Marionettes, Inc.
In Marionettes, Inc., Ray Bradbury offers his devoted readers something both special and unexpected: a unified view of one small corner of a varied fictional universe. In five stories (one of them original to this collection, plus a rare, previously unpublished screen treatment), Bradbury explores the concept of Robotics and examines its impact on the day-to-day lives of ordinary people.
Several of these tales, including "Changeling" and "Punishment Without Crime," are set in a world in which the eponymous company, Marionettes, Inc., has successfully created incredibly detailed replicas of existing men and women. When these surrogate "people" take their place in the real, often messy realm of human relationships, the results are sometimes tragic, sometimes ironic, and always surprising.
But the true heart of this resonant collection is the classic novella, "I Sing the Body Electric." In this quintessential Bradbury story, an "electric Grandma" enters the lives of a grieving, newly motherless family, and slowly restores their capacity for wonder and joy. Like the very best of Bradbury's fiction, it is a magical, deeply felt account of hope, growth, survival, and change, and a moving meditation on what it really means to be human.
Marionettes, Inc. will be printed in two colors throughout, and feature a full-color dust jacket, as well as pen and ink illustrations at the head of each story by Mark A. Nelson.
Contents:
- I Sing the Body Electric
- Marionettes, Inc.
- Changeling
- Punishment without Crime
- Wind-up World (previously unpublished)
- Murder by Facsimile (screen treatment, previously unpublished)

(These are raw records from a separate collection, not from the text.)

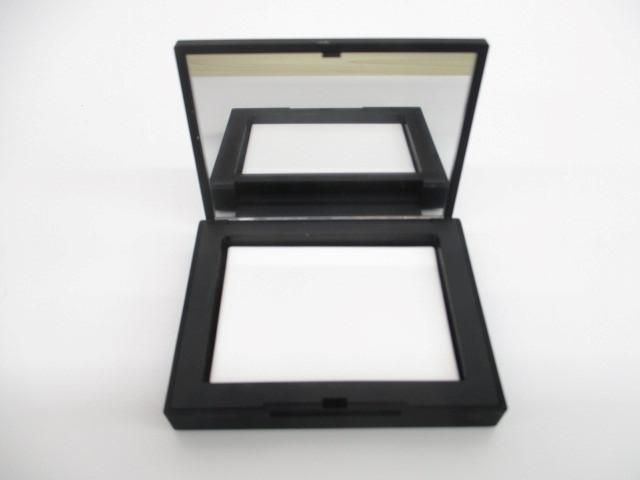 残9割 コスメ NARS ライトリフレクティング セッティングパウダー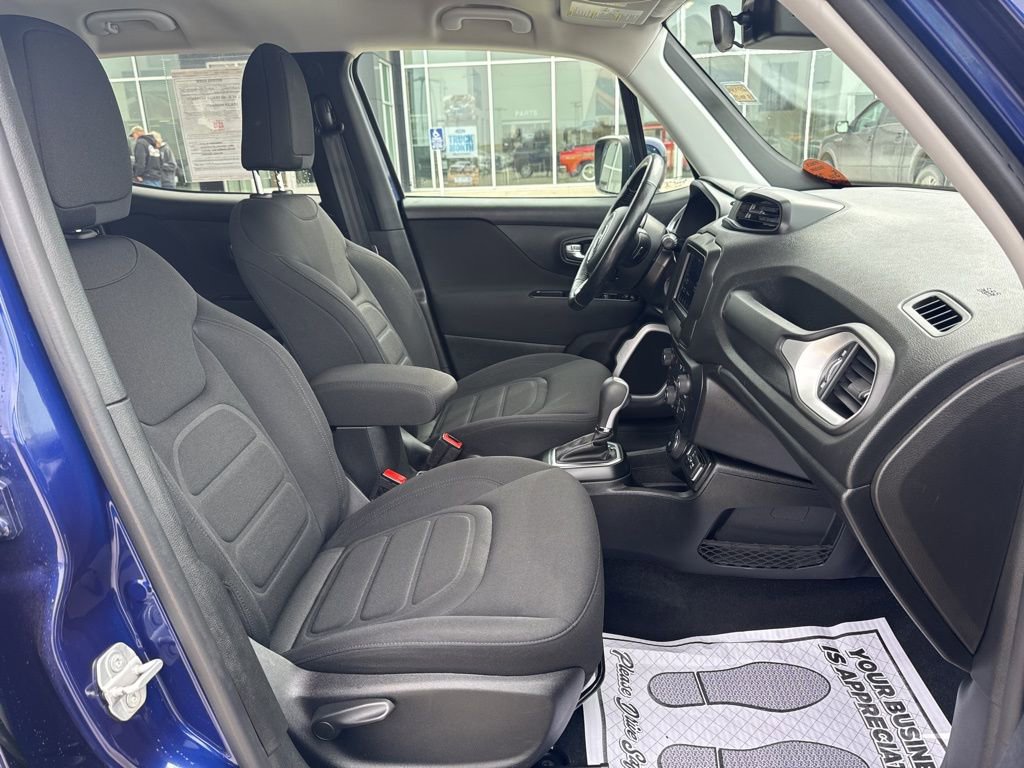 Used 2018 Jeep Renegade Latitude w/ Cold Weather Group image 26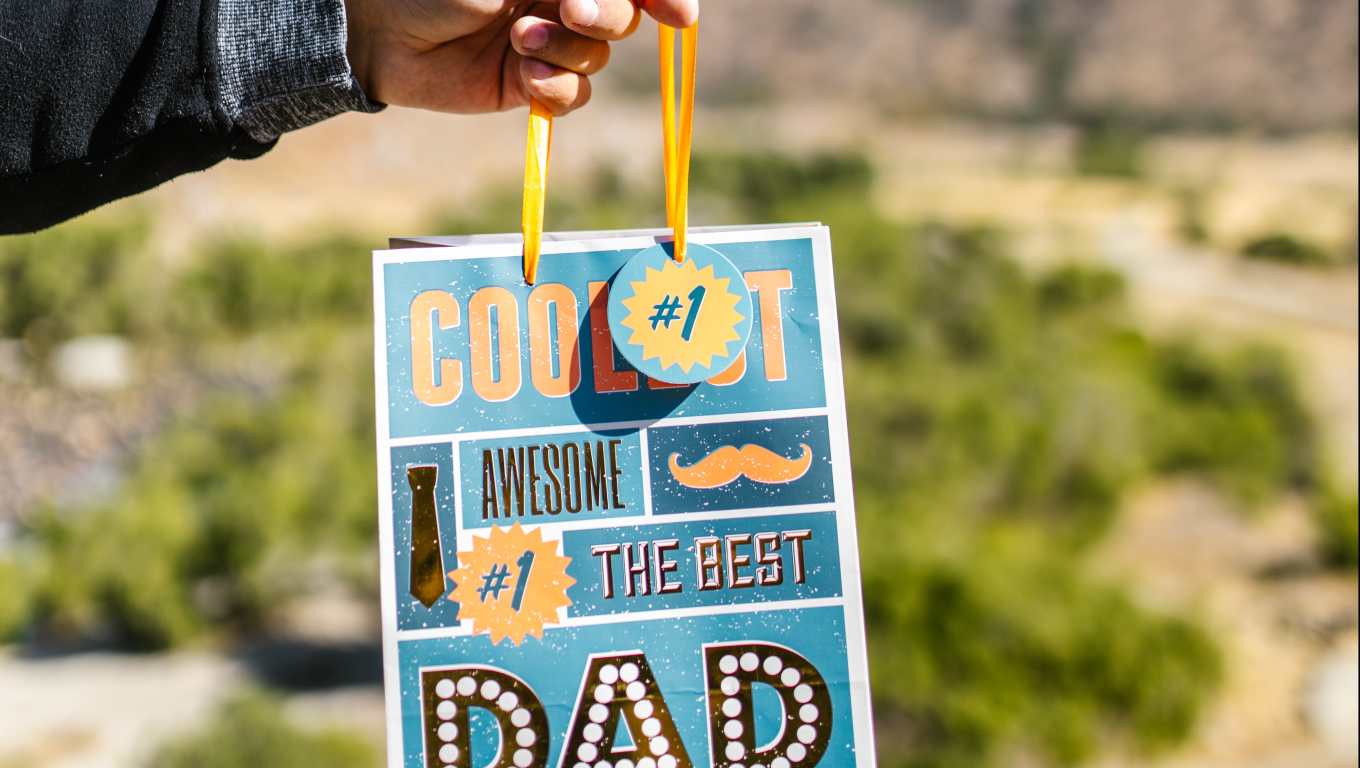 Un regalo para papá es un acto de amor, que necesita ser planificado. (Foto Prensa Libre: Foto de RDNE Stock project: https://www.pexels.com/es-es/foto/regalo-sujetando-papa-padre-8341934/)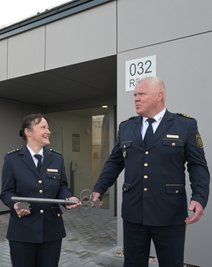 Leiterin Marika Schwanitz und Landespolizeipräsident Horst Kretzschmar bei der Schlüsselübergabe.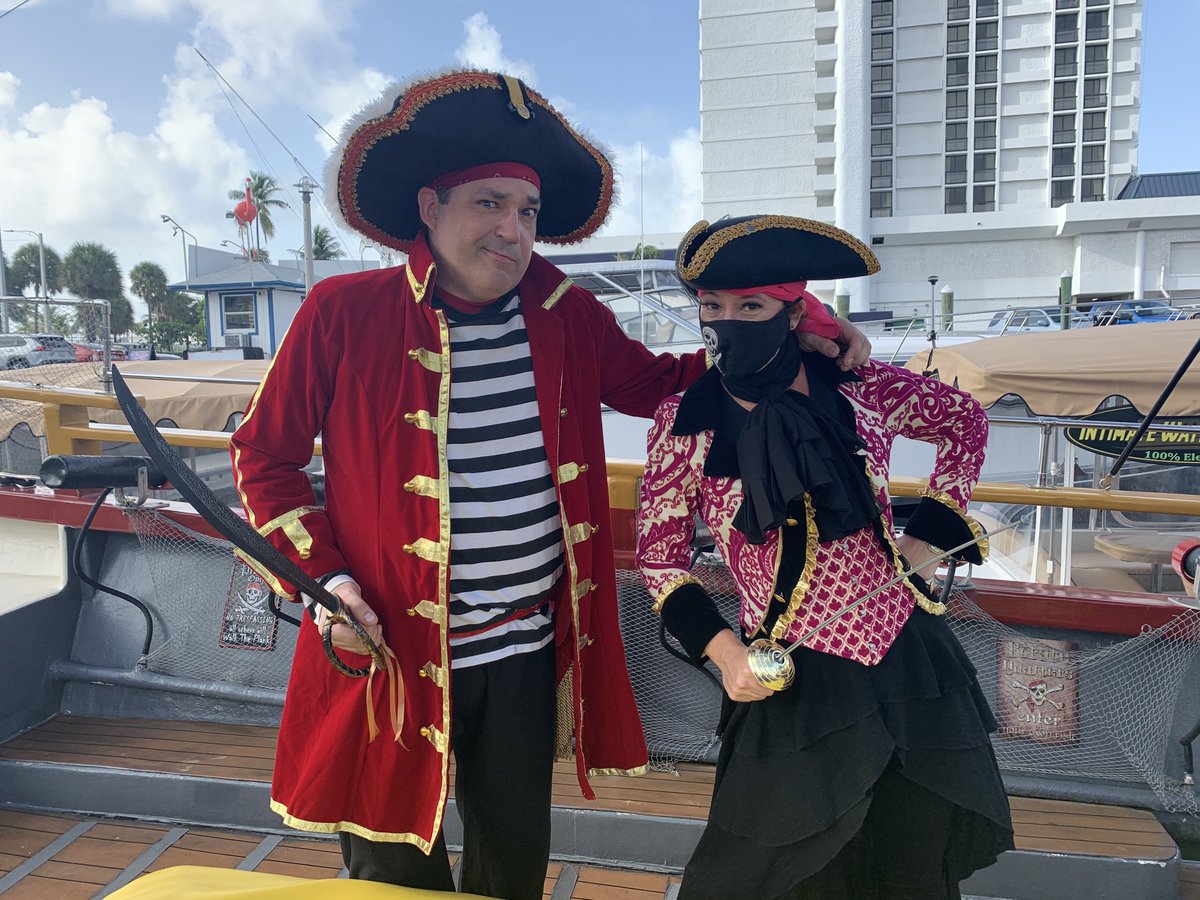 PageTurnerAdv's tweet image. Shooting CAPTAIN BOOK and the BOOK-A-NEERS, our final show for our Virtual Summer Reading Program and it was EPIC! Thank you to @bluefootpirates! #Libraries #VirtualLibraryProgram #VirtualShows #Pirates #BluefootPirates #Stories #Librarians #Books
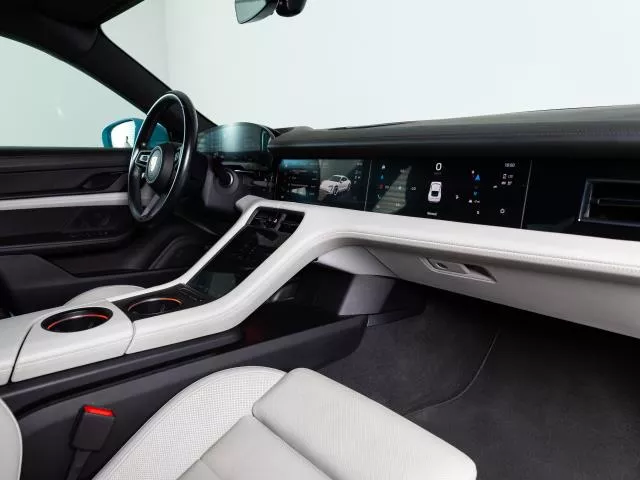 Porsche Taycan 300 kW (408 CV) de segunda mano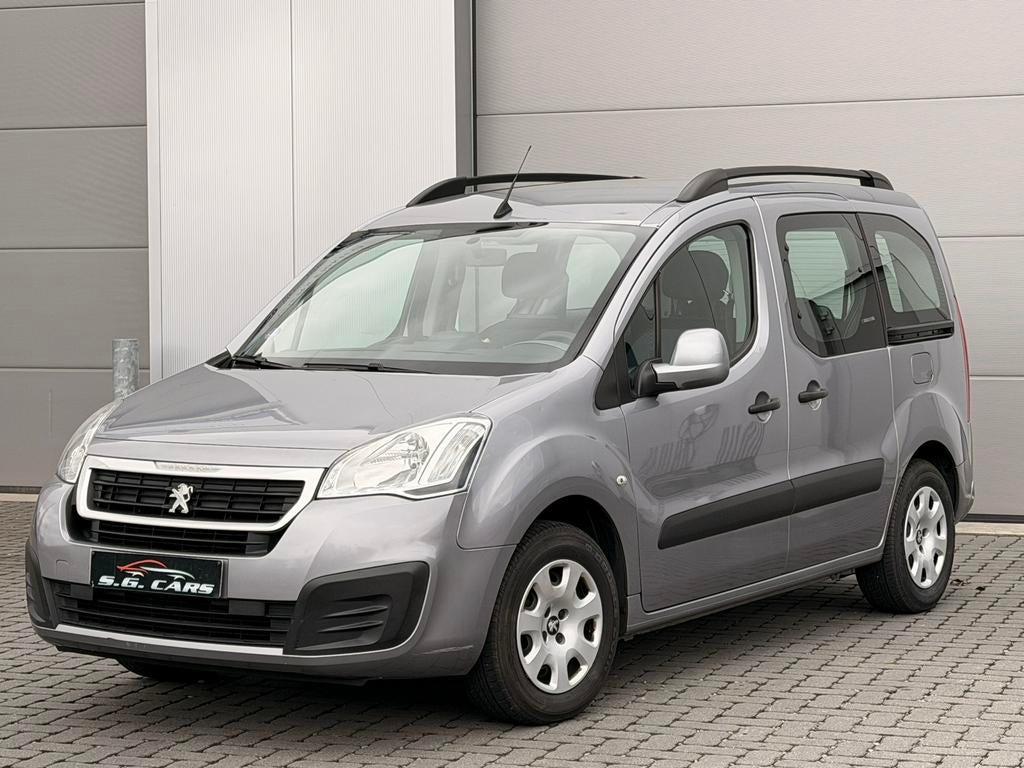 PEUGOET PARTNER 2017 BENZINE 1.6 200.000KM EURO6B, Auto's, Bedrijf, Handgeschakeld, Partner, Te koop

"Cherry-picking the marionette-themed pieces from Bradbury's extensive
oeuvre creates a nicely unified tone... The end result is most appealing
to Bradbury completists and those who want a good introduction to his
work." – Publishers Weekly
Ray Bradbury
Ray Douglas Bradbury (1920-2012) was an American fantasy, horror, science fiction, and mystery writer. Best known for his dystopian novel Fahrenheit 451 (1953) and for the science fiction stories gathered together as The Martian Chronicles (1950) and The Illustrated Man (1951), Bradbury is one of the most celebrated among 20th and 21st century American writers of speculative fiction.